TO DO: An exact copy of the records is required, minus the pictures they hold.

RECORDS FOR THIS EXERCISE:
++++++

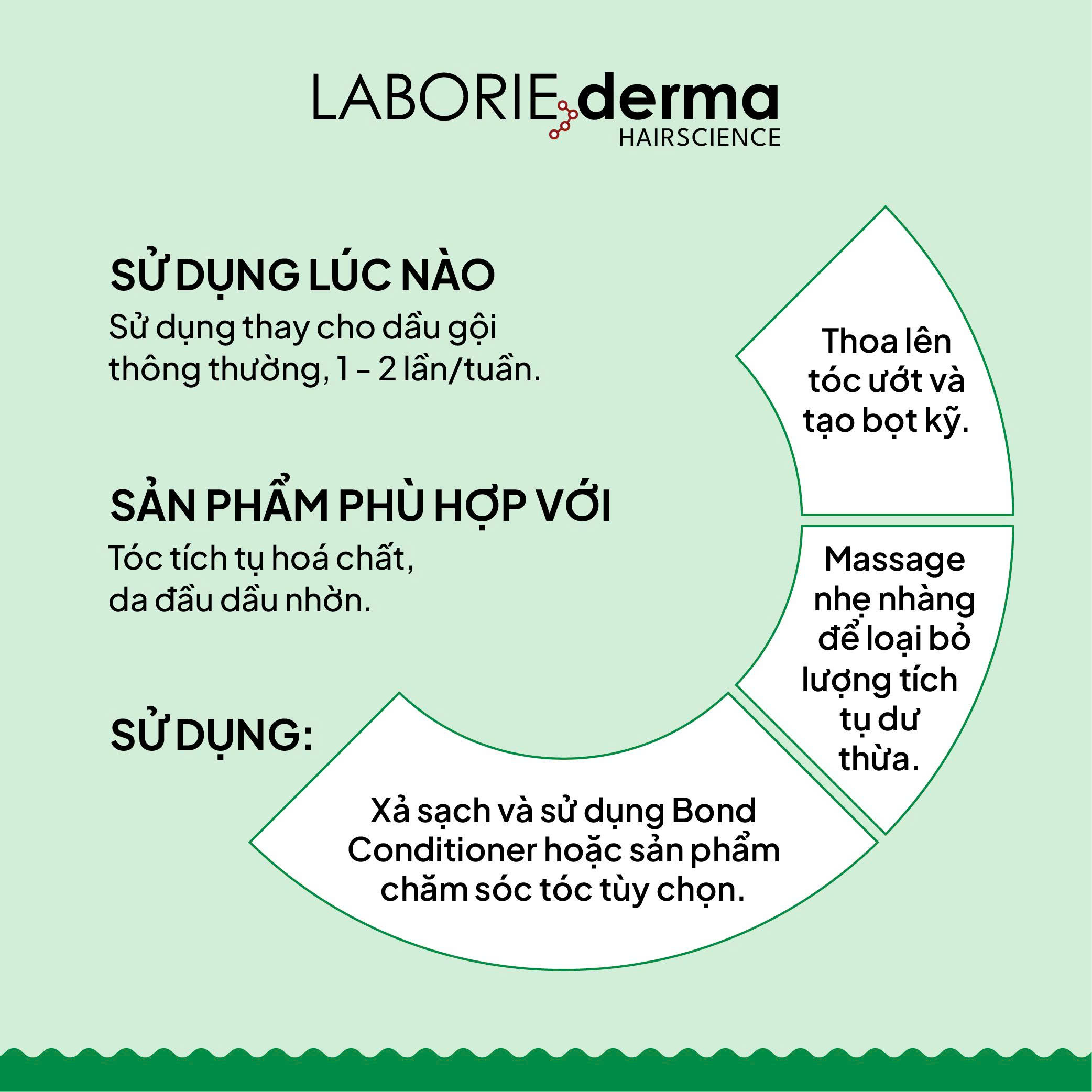 Dầu gội hỗ trợ cân bằng hệ vi sinh da đầu LABORIE derma Scalp Shampoo 250ml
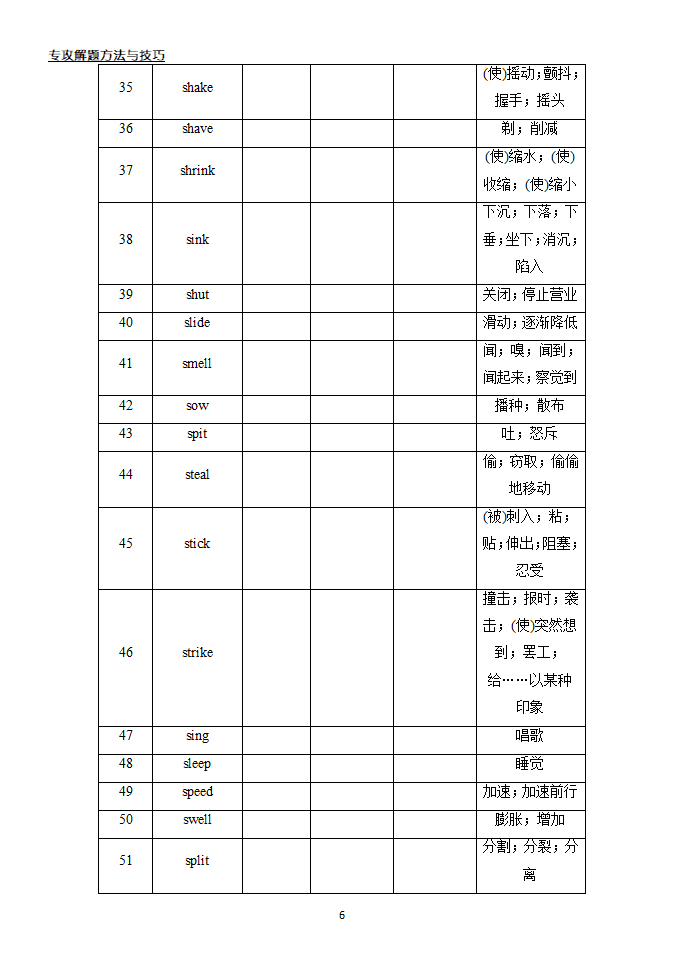 高考英语二轮复习动词检测（含答案）.doc第6页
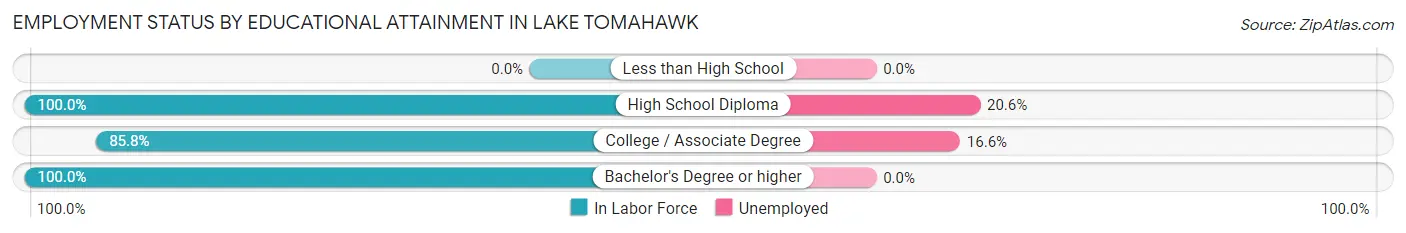 Employment Status by Educational Attainment in Lake Tomahawk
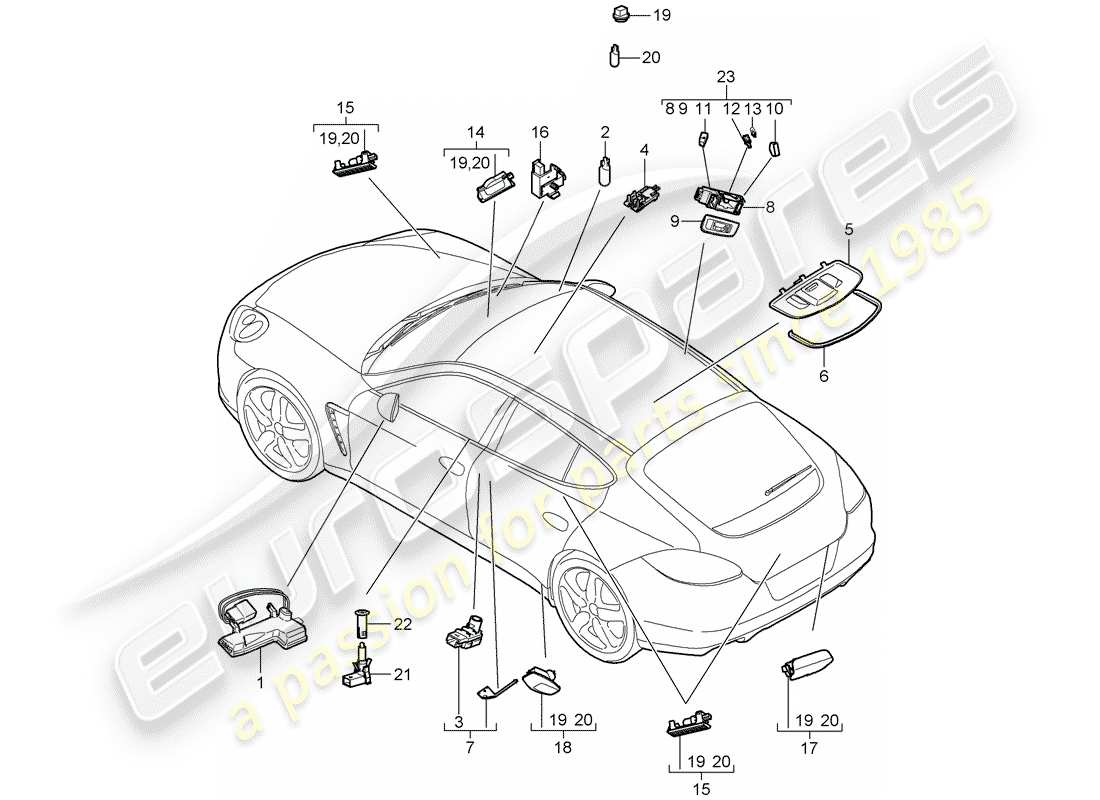 porsche 2015 (panamera 970) lumières intérieures schéma des pièces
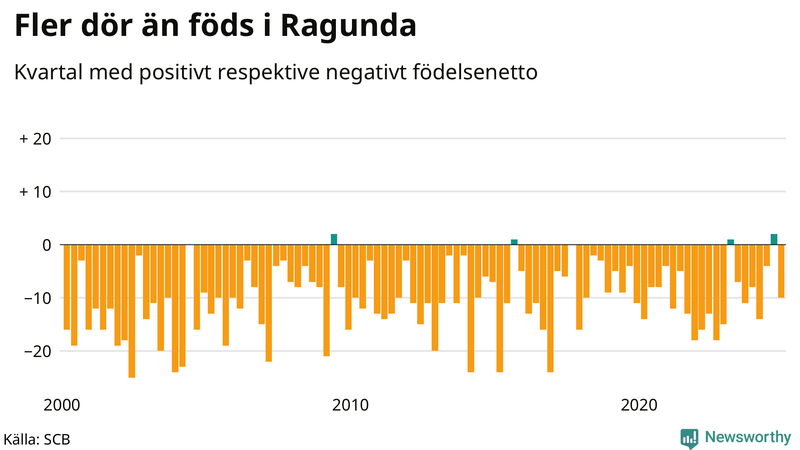 Nettofödelsetal i Ragunda per kvartal sedan 2000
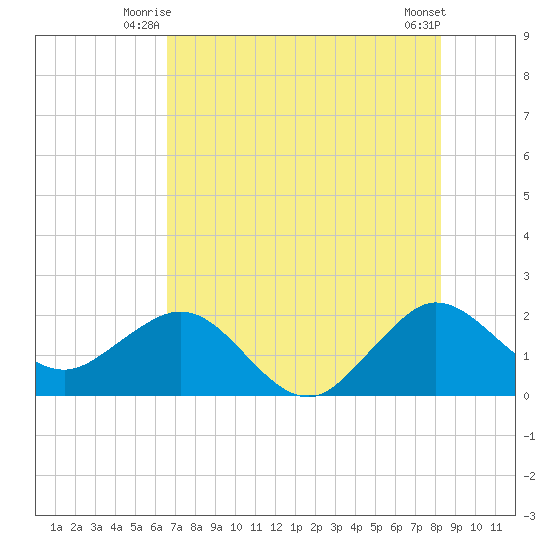 Ocean Reef Harbor tide chart for Wednesday, July 7, 2021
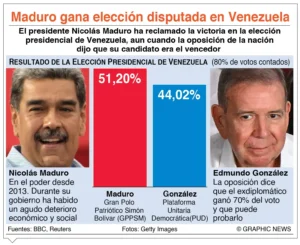 info-VENEZUELA-RESULTADOS.jpg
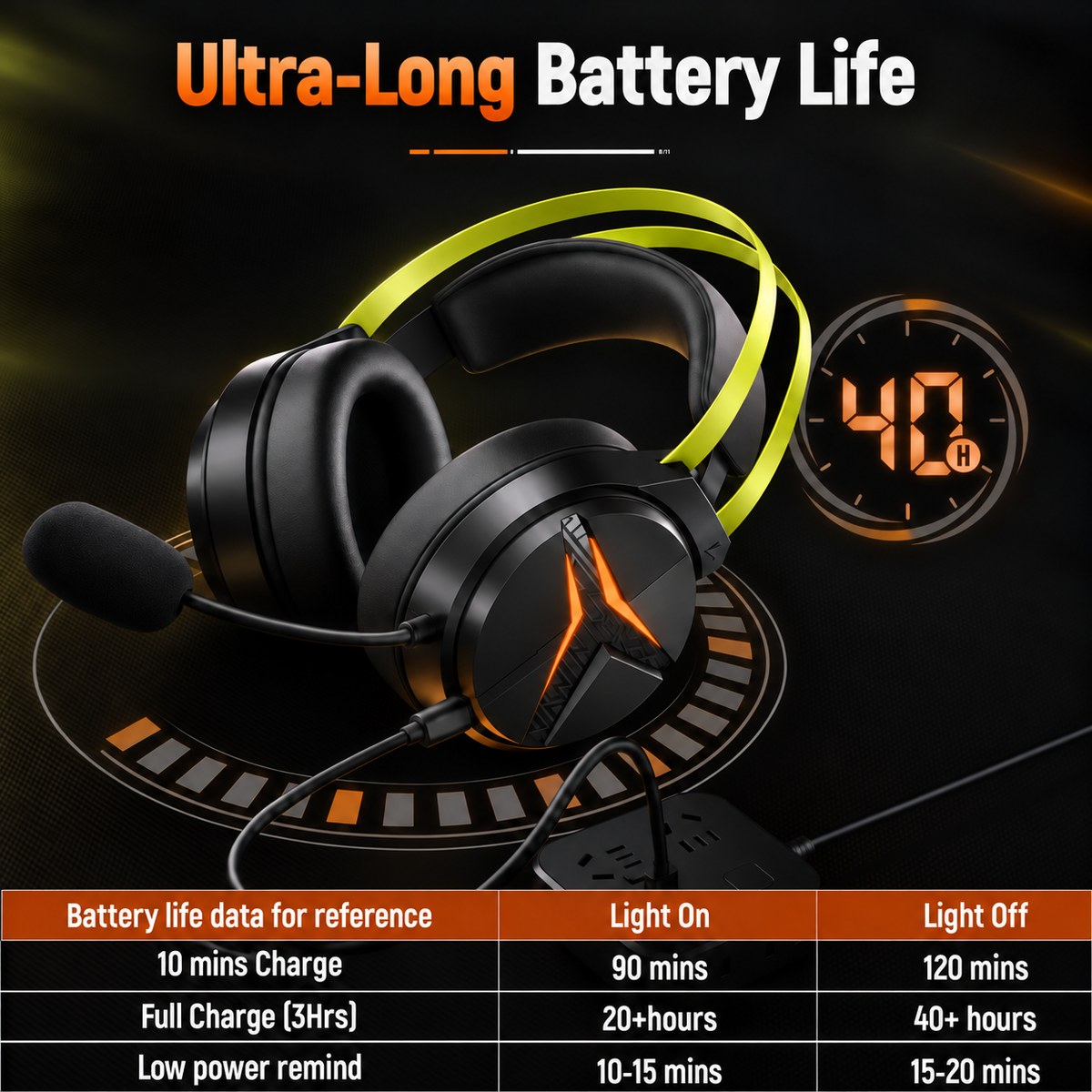 Geryst 2.4GHz Wireless Gaming Headset for PS5/PS4/Switch/PC, Bluetooth Over Ear Gaming Headphones with USB-C Wired Mode, 20ms Low Latency, 50mm Drivers, Noise Cancelling Mic, 40H Battery, green LED Lights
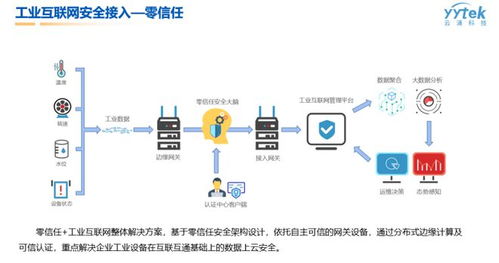 数字时代下的工业互联网安全 云涌科技董事长高南的独家洞察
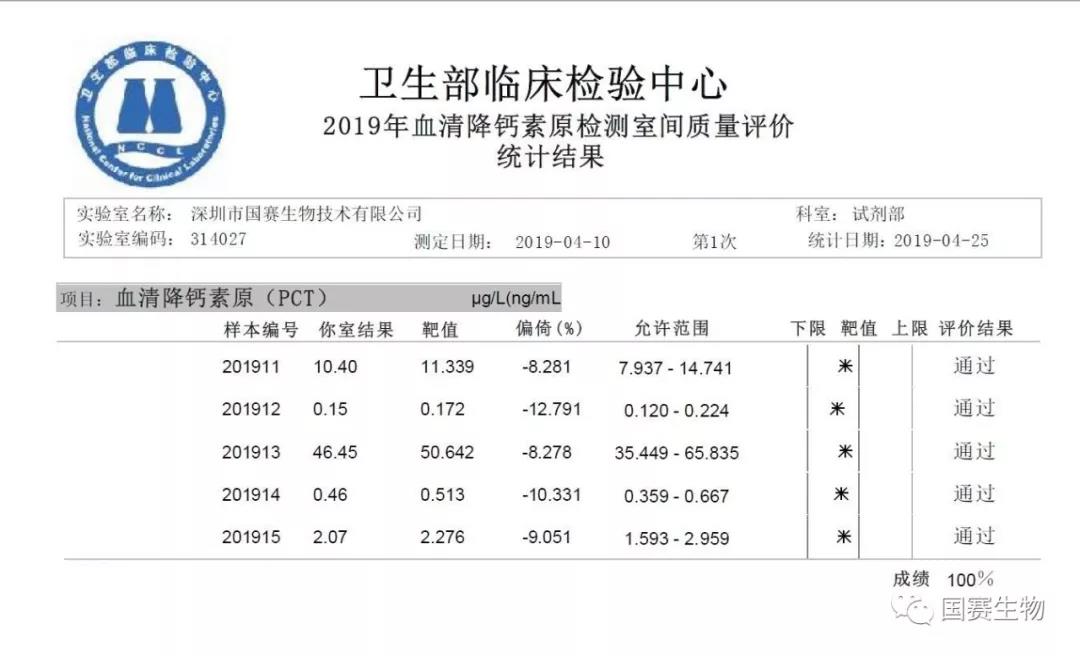 國賽生物:特殊蛋白、SAA、PCT等多個項目滿分通過國家衛健委臨檢中心2019年第一輪次室間質評 國賽生物:特殊蛋白、SAA、PCT等多個項目滿分通過國家衛健委臨檢中心2019年第一輪次室間質評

++++++

RESPONSE TO THIS EXERCISE:
 Dầu gội hỗ trợ cân bằng hệ vi sinh da đầu LABORIE derma Scalp Shampoo 250ml
 高考英语二轮复习动词检测（含答案）.doc第6页
 Employment Status by Educational Attainment in Lake Tomahawk
 porsche 2015 (panamera 970) lumières intérieures schéma des pièces
 Nettofödelsetal i Ragunda per kvartal sedan 2000
 Ocean Reef Harbor tide chart for Wednesday, July 7, 2021
 info-VENEZUELA-RESULTADOS.jpg
 Geryst 2.4GHz Wireless Gaming Headset for PS5/PS4/Switch/PC, Bluetooth Over Ear Gaming Headphones with USB-C Wired Mode, 20ms Low Latency, 50mm Drivers, Noise Cancelling Mic, 40H Battery, green LED Lights
 数字时代下的工业互联网安全 云涌科技董事长高南的独家洞察
 國賽生物:特殊蛋白、SAA、PCT等多個項目滿分通過國家衛健委臨檢中心2019年第一輪次室間質評 國賽生物:特殊蛋白、SAA、PCT等多個項目滿分通過國家衛健委臨檢中心2019年第一輪次室間質評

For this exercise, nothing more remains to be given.